Vega a ajouté : « Cela ne se produit pas du jour au lendemain, mais avec des ajustements comportementaux progressifs et répétés qui font que les actions inacceptables antérieures semblent tout à fait normales. Ben n’est peut-être pas conscient de ce qui s’est passé, tandis que Ruby voit le changement parce qu’elle sait qui il était avant d’être « reprogrammé » par l’entreprise.
Vega a établi une feuille de route sur la façon dont le désengagement moral fait taire la conscience d’un individu, conduisant à une conduite fautive et contraire à l’éthique dans un contexte professionnel. Cela les amène à se conformer aux normes du groupe en matière de revenu, de statut et d’identité, un processus étape par étape dans lequel :
- Les associés seniors modélisent le comportement qui enseigne aux associés que les promotions dépendent de la conformité. Ils apprennent que la dissidence aura des conséquences personnelles négatives sur l’économie et l’emploi.
- Des principes et des valeurs autrefois profondément ancrés sont transformés, non pas parce que l’avocat souhaite manquer d’éthique, mais parce que le coût de la résistance au groupe devient insupportable.
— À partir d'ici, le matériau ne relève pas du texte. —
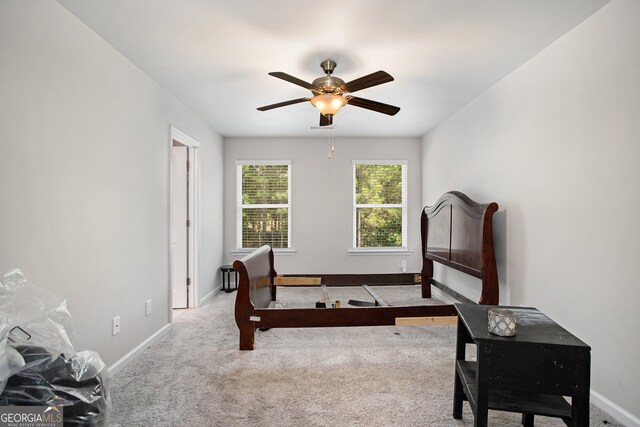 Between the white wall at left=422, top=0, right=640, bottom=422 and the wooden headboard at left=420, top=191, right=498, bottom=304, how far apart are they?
27cm

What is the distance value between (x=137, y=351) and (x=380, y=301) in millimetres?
2141

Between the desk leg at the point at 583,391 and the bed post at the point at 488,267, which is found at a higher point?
the bed post at the point at 488,267

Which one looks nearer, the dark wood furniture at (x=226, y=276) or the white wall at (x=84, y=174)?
the white wall at (x=84, y=174)

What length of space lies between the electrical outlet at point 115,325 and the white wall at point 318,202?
302 centimetres

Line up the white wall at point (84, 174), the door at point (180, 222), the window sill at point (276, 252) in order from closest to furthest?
the white wall at point (84, 174) → the door at point (180, 222) → the window sill at point (276, 252)

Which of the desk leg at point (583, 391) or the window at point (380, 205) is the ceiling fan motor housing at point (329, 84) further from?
the window at point (380, 205)

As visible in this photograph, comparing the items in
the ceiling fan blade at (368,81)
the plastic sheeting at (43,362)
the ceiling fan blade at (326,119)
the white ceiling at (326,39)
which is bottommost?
the plastic sheeting at (43,362)

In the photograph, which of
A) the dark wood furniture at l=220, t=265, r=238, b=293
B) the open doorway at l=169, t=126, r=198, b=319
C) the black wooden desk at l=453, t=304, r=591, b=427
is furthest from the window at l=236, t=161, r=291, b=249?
the black wooden desk at l=453, t=304, r=591, b=427

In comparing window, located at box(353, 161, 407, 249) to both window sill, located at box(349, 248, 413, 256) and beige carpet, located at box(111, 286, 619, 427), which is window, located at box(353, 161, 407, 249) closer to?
window sill, located at box(349, 248, 413, 256)

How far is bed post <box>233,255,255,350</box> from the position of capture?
8.95ft

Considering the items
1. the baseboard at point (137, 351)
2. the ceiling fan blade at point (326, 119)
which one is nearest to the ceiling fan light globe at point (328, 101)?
the ceiling fan blade at point (326, 119)

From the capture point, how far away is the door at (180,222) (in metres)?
4.29

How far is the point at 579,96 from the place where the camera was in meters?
2.22

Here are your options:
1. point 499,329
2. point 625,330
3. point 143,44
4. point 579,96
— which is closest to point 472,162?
point 579,96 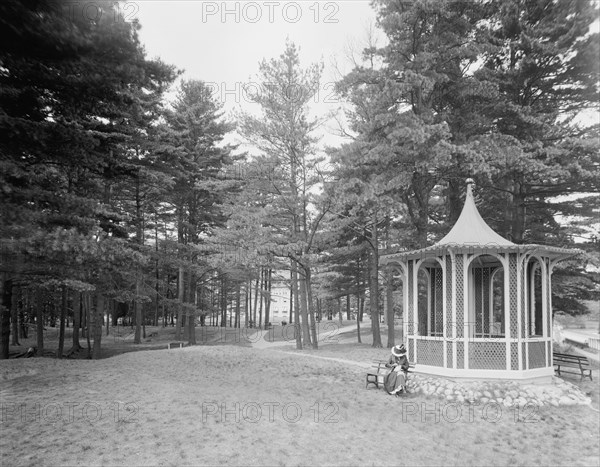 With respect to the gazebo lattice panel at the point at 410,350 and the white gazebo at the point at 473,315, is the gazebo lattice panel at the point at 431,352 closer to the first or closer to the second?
the white gazebo at the point at 473,315

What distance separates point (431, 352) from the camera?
38.4ft

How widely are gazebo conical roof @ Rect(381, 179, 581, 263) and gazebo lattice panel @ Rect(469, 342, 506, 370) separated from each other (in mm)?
2379

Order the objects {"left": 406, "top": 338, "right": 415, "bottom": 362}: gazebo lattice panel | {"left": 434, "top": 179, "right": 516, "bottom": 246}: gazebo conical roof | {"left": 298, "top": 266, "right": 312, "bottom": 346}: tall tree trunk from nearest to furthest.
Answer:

- Lorsqu’un comportement contraire à l’éthique devient habituel, il peut détruire les relations personnelles par un processus de rationalisation. Les conjoints deviennent émotionnellement détachés en entendant continuellement : « Tout le monde dans le cabinet le fait, et les clients ne le savent jamais. Quoi qu’il en soit, mon travail consiste à économiser de l’argent à la compagnie d’assurance, et être juste n’a rien à voir avec la pratique du droit.
Qu’est-ce qui rend cela possible ?
Les mécanismes suivants se combinent pour produire un mari que Ruby ne reconnaît plus :
Réduction de la dissonance cognitive. Ben voulait initialement exercer le droit de manière économique, mais son cabinet exige de maximiser les heures facturables, ce qui crée une dissonance (un inconfort) que le cerveau rationalise de sorte que Ben croit maintenant : « Je suis minutieux, je ne fais pas de travail inutile et je ne traîne pas l’affaire.
La pente glissante. La perte de ses valeurs se produit progressivement, avec des compromis juridiques, éthiques ou moraux les uns après les autres, ce qui entraîne des traitements médicaux excessifs, des scandales corporatifs et politiques et des avocats qui se forgent la réputation de faire n’importe quoi quand le prix est juste.
Dérive identitaire. Ben a commencé sa vie en tant qu’avocat avec de fortes valeurs éthiques et morales. Son environnement de travail est devenu tellement dominant que son identité professionnelle a remplacé son identité personnelle. Ruby se dit : « Ce n’est pas le même Ben que j’ai épousé. Que s’est-il passé ? Ce n’est pas le même gars merveilleux dont je suis tombée amoureuse. »
Que devrait faire Ruby ?
Vega a déclaré : « Ruby doit dire : ‘Ben, si je devenais tout le contraire de la personne que tu as épousée, voudrais-tu rester avec moi ? Je te perds à cause de ce cabinet d’avocats qui a corrompu ton âme. Je t’aime, Ben. S’il te plaît, reviens vers moi, reviens vers nous.' »
Cet article a été écrit et présente les points de vue de notre conseiller collaborateur, et non de la rédaction de Kiplinger. Vous pouvez vérifier les dossiers des conseillers auprès du SECONDE ou avec FINRA.